The Glowing Hours
Page 3
Nell stole down the steep, crooked stairs, Benjy at her heels, his hand on her shoulder. From the kitchen came a series of thumps, interspersed with pleas to stop it from Ma. The gas mantle shed a soft glow over the room, and as she paused at the bottom of the stairs Nell took in the scene instantly. Danny was sprawled across the table, a long cut on his cheek oozing blood. Fifteen-year-old Sam stood before him, valiantly but vainly trying to fend off Pa who was laying about him with his belt, while Ma crouched beside the sink dressed in nothing but her old petticoat, her lank grey hair awry, shaken out of her usual apathy as she alternately wept and begged Pa to stop.
'Shurrup, woman!' Pa flung over his shoulder. 'I'm not 'avin' me own sons wakin' me up wi' their carryin's-on, defyin' me! I'll teach 'em 'oo's boss!'
'Yer've killed our Danny! Look at 'im, 'e's not movin'! 'E's dead!'
At that moment Danny groaned and tried to heave himself off the table, but succeeded only in slithering to the floor in a heap. Sam glanced round as Danny's limp arm knocked against his leg, and with a yell of triumph Pa dropped the belt and waded in with his fists, catching the distracted Sam on the chin. Sam staggered, caught his foot in the orange box doing duty as a stool, and fell heavily to the floor. Before anyone could move Pa was bending over him, kicking him viciously as Sam curled up in a vain attempt to escape the blows. At last Pa, panting from his efforts, stepped back.
'That'll larn yer both not ter defy me!' he snarled. Danny and Sam lay still, and Nell couldn't tell whether they heard or not. 'An’ stop yer blartin', woman!' he added angrily. 'Leave 'em be! Do 'em good ter lay there all night. Gerrup ter bed!'
Nell turned and hastily shoved Benjy up the stairs in front of her. 'Hurry! Yer don't want him beatin' you too!' she urged, and Benjy, suppressing his frightened sobs, complied.

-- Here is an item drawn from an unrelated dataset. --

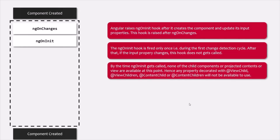By the time the ngOnInit lifecycle hook gets called, none of the child components, projected contents, or views are available at that point. That's why any property decorated with @ViewChild, or @ContentChild will not be available to use.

When the sounds from their parents' room ceased, and even Ma's stifled sobs had stopped, Nell crept out of bed again. She hadn't bothered to remove her skirt before scrambling in and hushing the others into silence.
Cautiously she crept down into the kitchen. Danny was sitting in Pa's chair, a wet rag pressed to his cheek, while Sam crouched on the orange box, clutching his stomach and groaning.

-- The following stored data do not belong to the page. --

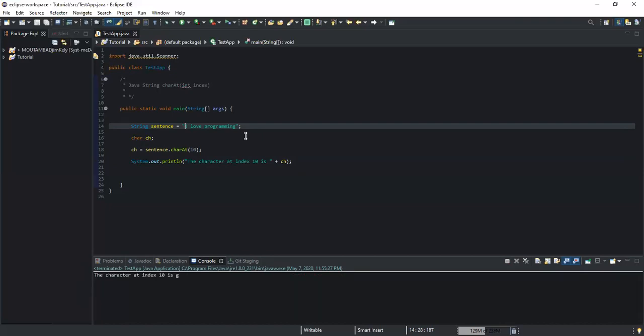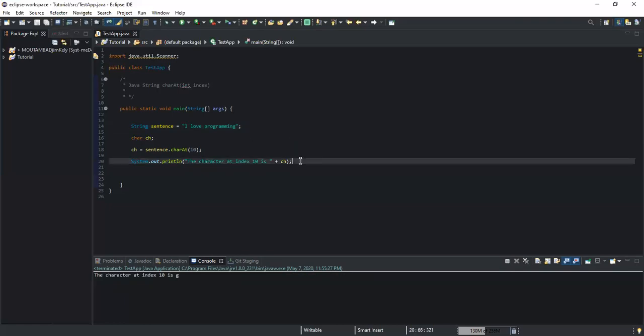So that was it concerning the charAt(int index) method, which is used to return the character positioned at a specified index in a string. You can use this method whenever you need it. Thanks for watching, hope to meet you in the next video — bye!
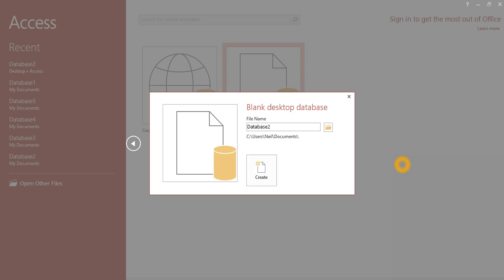Hey people, in this video I will be showing you how to change the currency in Microsoft Access.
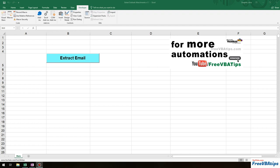Hello and welcome to Free VBA Tips. Today I'll be showing you how you can extract attachments from Outlook — you can extract anything which is in Outlook and it will get saved in your desktop or anywhere you would like.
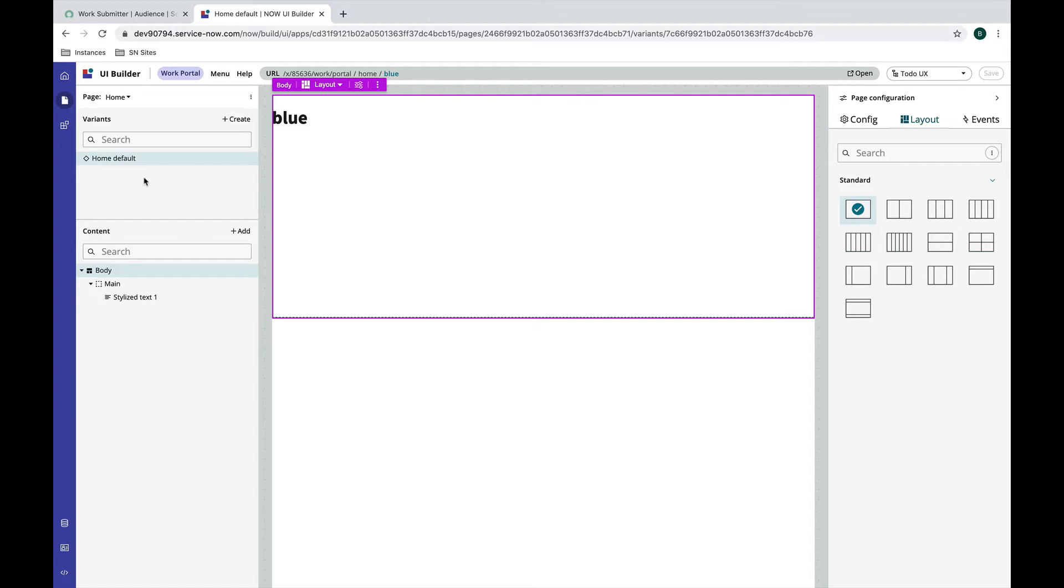But what if you come into a situation where you have two different versions of the same URL you want to show somebody? Maybe they have different roles and you want to show them one thing based on their role, or maybe based on the data on the page you want to show them different versions. Page variants are a really nice solution to that problem.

'Can I help?' she asked quietly. 'Why was Pa so mad at yer?'
Danny glanced at her. 'We'm all right, just cut an' bruised,' he replied wearily. 'But that finishes it, we'm off the minute we can gerra room somewhere.'
'Why was he mad?'
'We brung a couple o' gals in, thought 'e was safe in bed,' Sam said, and groaned.
'That was a daft thing ter do,' Nell said sharply.
'Where else can us goo? It's cold ternight, an' they ain't got anywhere.'
'Go ter bed, Nell. An' thanks, yer a good 'un. We'll be up soon as we'm fit.'
*
Emily Baxter sighed. She'd only been asleep five minutes. She eased herself slowly out of the sagging bed, careful not to disturb Albert. After the fight he had taken her roughly, but swiftly, then turned his back and dropped straight into a deep sleep. But Ronny's feeble wails might disturb him and he'd be mad enough to thrash her.
She staggered across to the small mattress where Ronny and little Joan slept, and picked up her youngest son. Sitting with her back to the wall, her skirt wrapped round them both for warmth, she held the baby to her breast. For a few moments he sucked eagerly, then his sickly wails began again. Her shoulders drooped. She'd suspected it for some time, that her milk had gone. Ronny was puny, not thriving. Although nine months old he hadn't begun to sit up by himself, let alone crawl. In one way that was a blessing, he wasn't always under her feet, but she was desperately afraid he'd soon follow her other two little ones who'd died. Somehow, these days, she didn't seem to have enough milk as she had with the others.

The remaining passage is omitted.